I first met Eddie in person outside of John Jay's dining hall. I was introduced to meet him officially through Jason. We were about to enter the cafeteria through the line. When we were waiting outside, we had a chat briefly, but I forgot what it was about already. All I could remember was that he said something funny, like ironically funny. He said something that made me laugh. So I said to him, "You are funny."

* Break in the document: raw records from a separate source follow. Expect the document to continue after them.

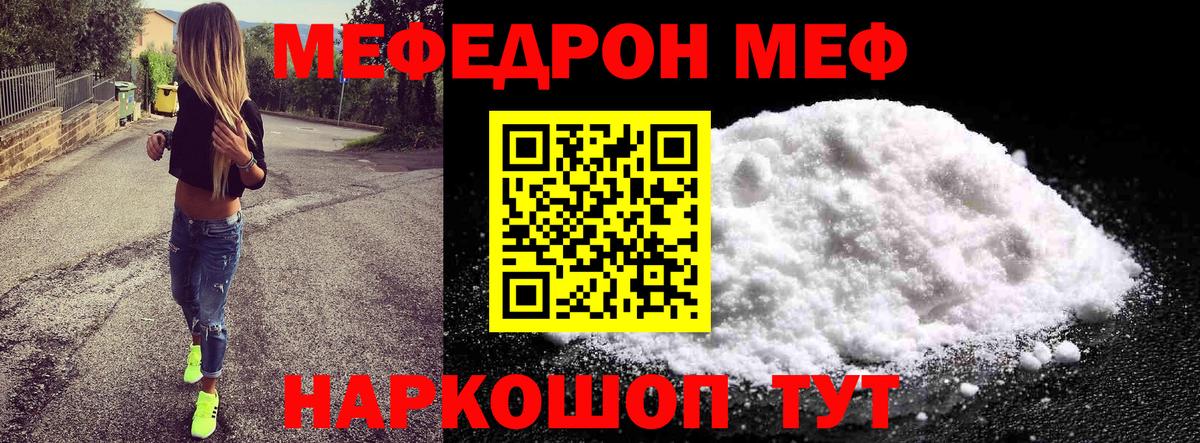 Мефедрон кристаллы Архангельск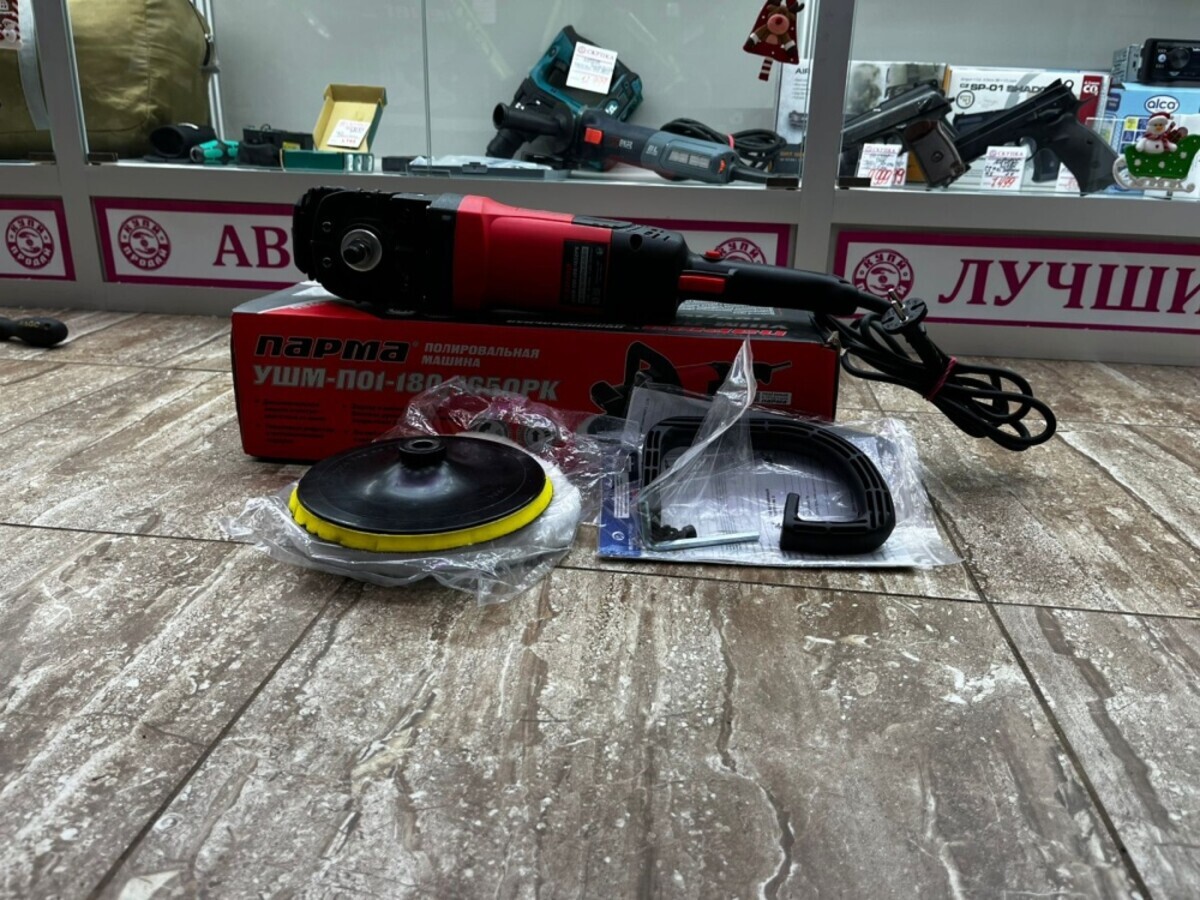 Шлифмашина парма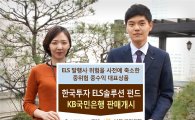 한국투자 ELS 솔루션펀드, 27일 KB국민은행 판매 시작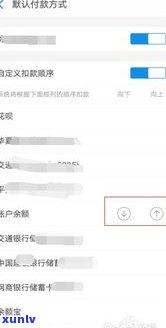 花呗延期还款后能否继续采用？安全性及解决  解析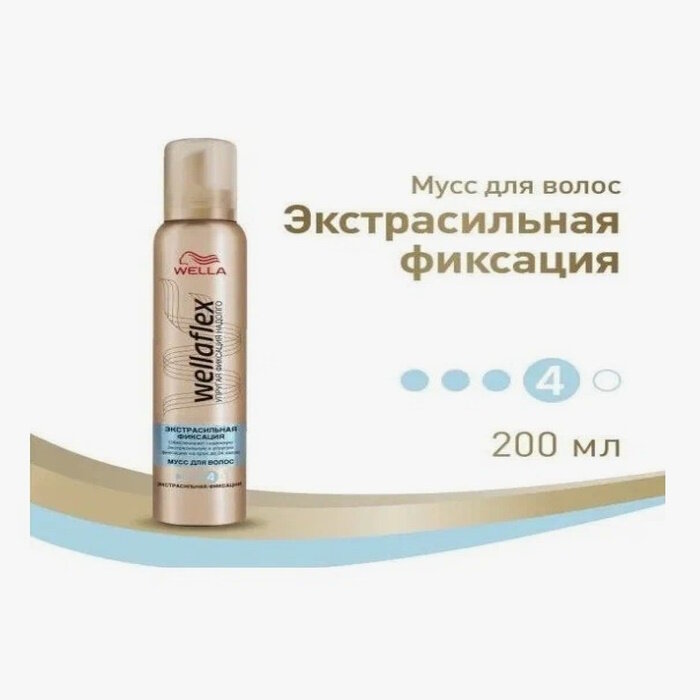 Мусс для укладки волос Wellaflex Экстрасильный экстрасильной фиксации 200мл Interspray - фото №2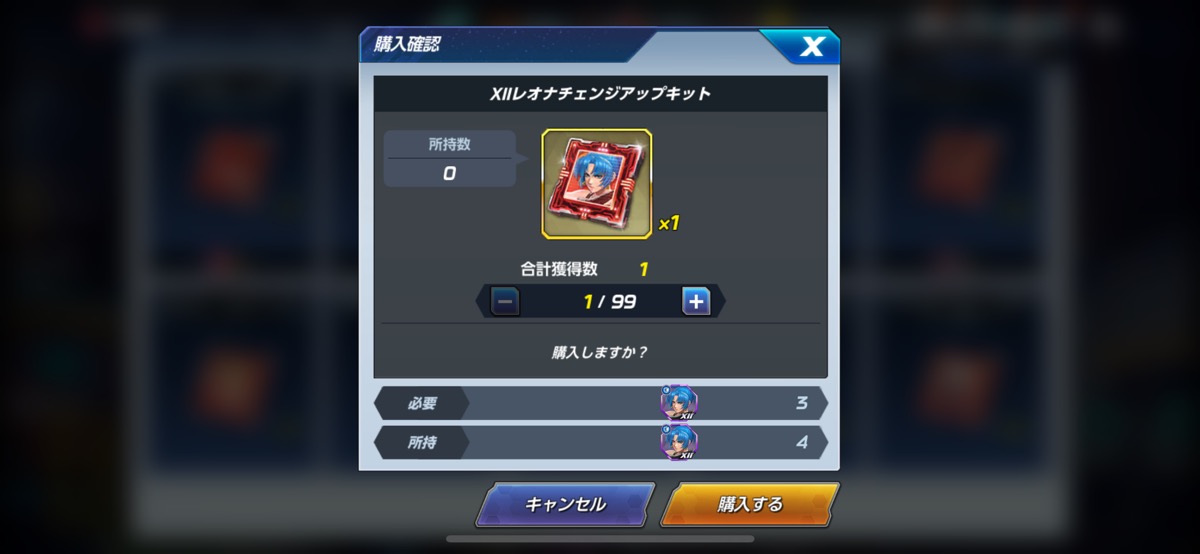 チェンジアップキット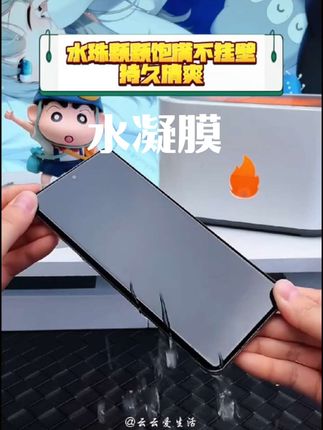 #数码科技 华为系列水凝膜#手机膜推荐 #水凝膜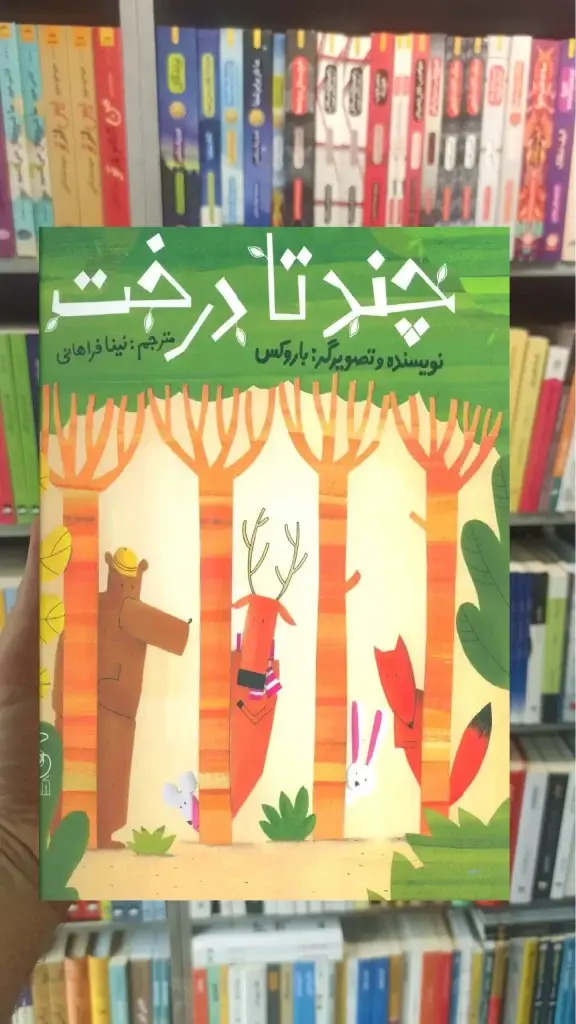 چند تا درخت چشمه - بانک کتاب ماندگار-قیمت-خرید-کتاب-کمک-درسی-کنکور-دانشگاهی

He said, "Your face is funny." Wow, he was a person who would fight back. He always said my face was funny looking, I didn't know why. Did I look funny to anyone? I grew up in Hong Kong and I always felt like the ugly duckling among my friends because I looked different from them. When I had no facial expressions, I could pass as a Cantonese. But as soon as I grinned, I started to look like You Haejin. I had only learned to understand that I had a Korean face after studying at Columbia. I saw a lot of Korean faces on campus, and they were very good looking too. Eddie showed me his mother's pictures on an album cover. He told me his mother was a celebrity in Korea, namely the Pearl Sisters. I figured I had that Korean facial feature which I believed was what Eddie called "the elf-looking face" when I grinned. I didn't know what he meant by looking like an elf. But he kept saying that I looked like an elf. In response to my ugly duckling hypothesis, he recommended me to read the book, The Black Swan.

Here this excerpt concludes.